| Work instructions |
From the data below, set down exactly the lines between the one holding "Plaukų šepetys Tangle" and the one holding "Item preview, Yosemite", inclusive, and no others.

---------- Exercise inputs

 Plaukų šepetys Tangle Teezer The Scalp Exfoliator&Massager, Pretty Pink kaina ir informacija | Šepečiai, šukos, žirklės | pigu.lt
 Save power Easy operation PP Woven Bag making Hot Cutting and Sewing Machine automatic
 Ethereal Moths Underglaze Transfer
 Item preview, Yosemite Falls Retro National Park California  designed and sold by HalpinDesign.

--------------------
---------- Exercise inputs

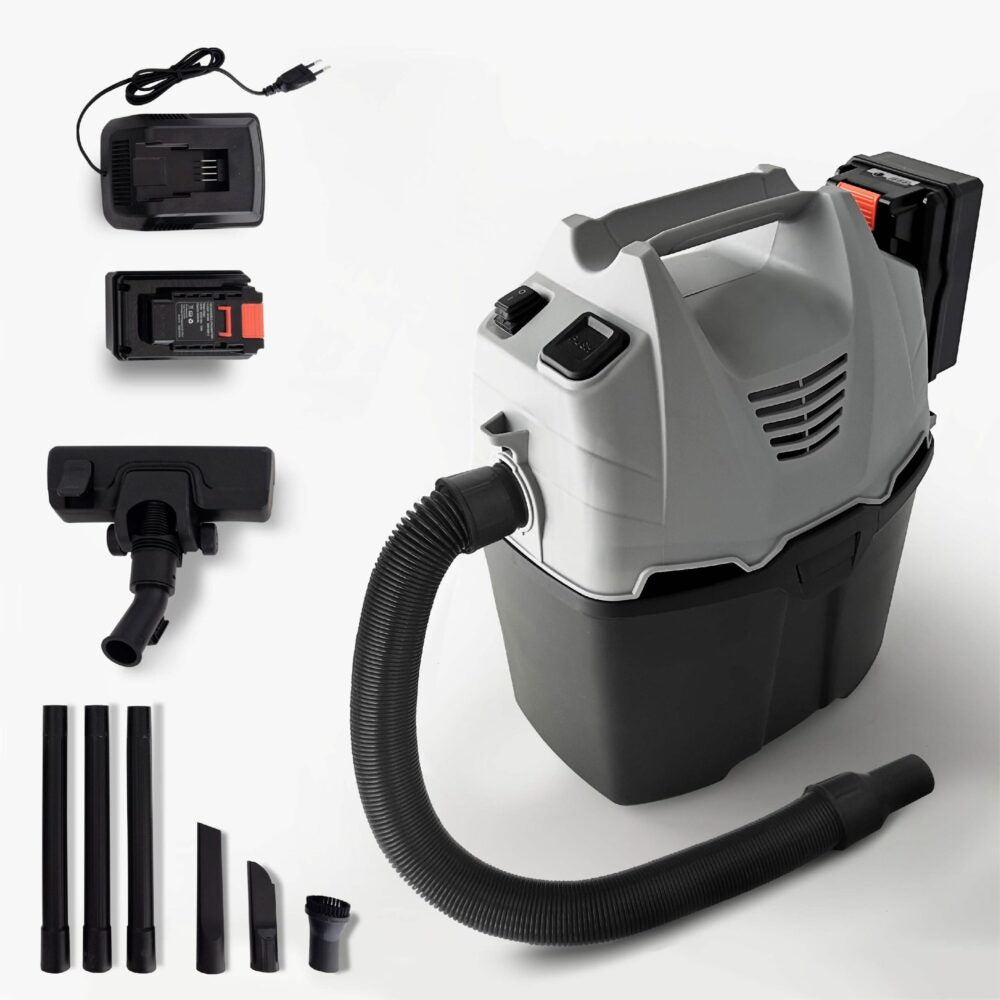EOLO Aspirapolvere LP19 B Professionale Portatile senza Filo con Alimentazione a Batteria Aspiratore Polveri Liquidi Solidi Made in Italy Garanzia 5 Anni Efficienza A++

--------------------
---------- Exercise inputs

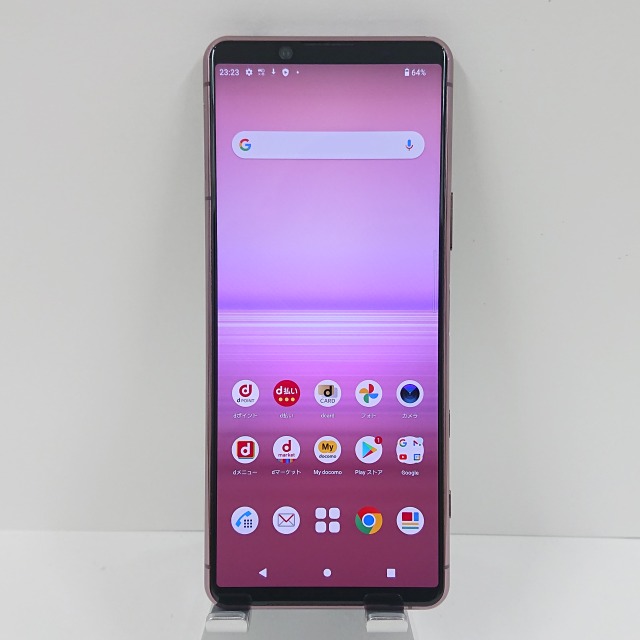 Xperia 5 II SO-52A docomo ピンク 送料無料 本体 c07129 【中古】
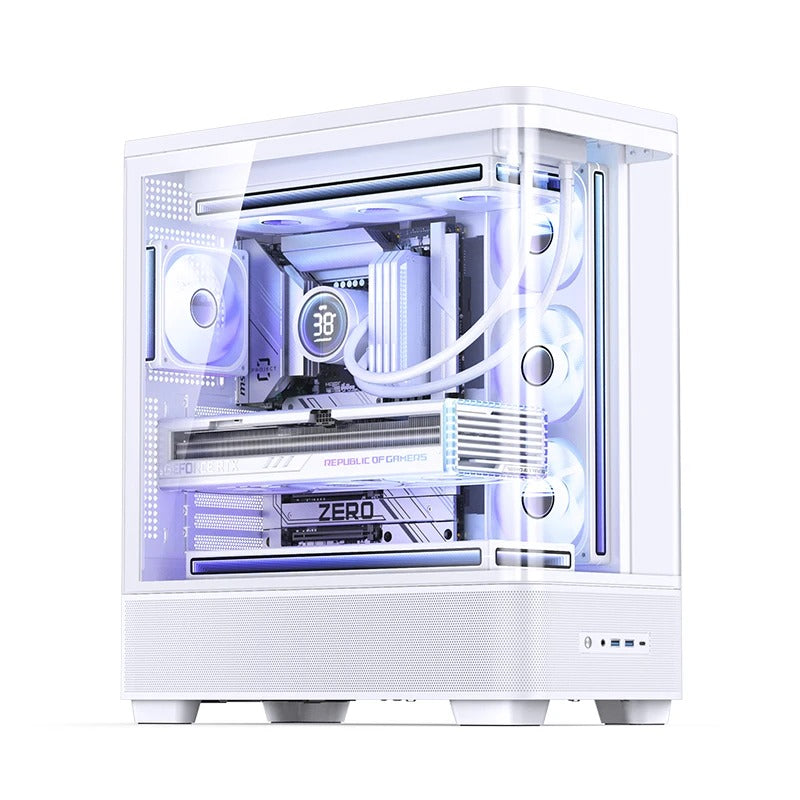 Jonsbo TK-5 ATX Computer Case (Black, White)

--------------------

| Task solution |
 Plaukų šepetys Tangle Teezer The Scalp Exfoliator&Massager, Pretty Pink kaina ir informacija | Šepečiai, šukos, žirklės | pigu.lt
 Save power Easy operation PP Woven Bag making Hot Cutting and Sewing Machine automatic
 Ethereal Moths Underglaze Transfer
 Item preview, Yosemite Falls Retro National Park California  designed and sold by HalpinDesign.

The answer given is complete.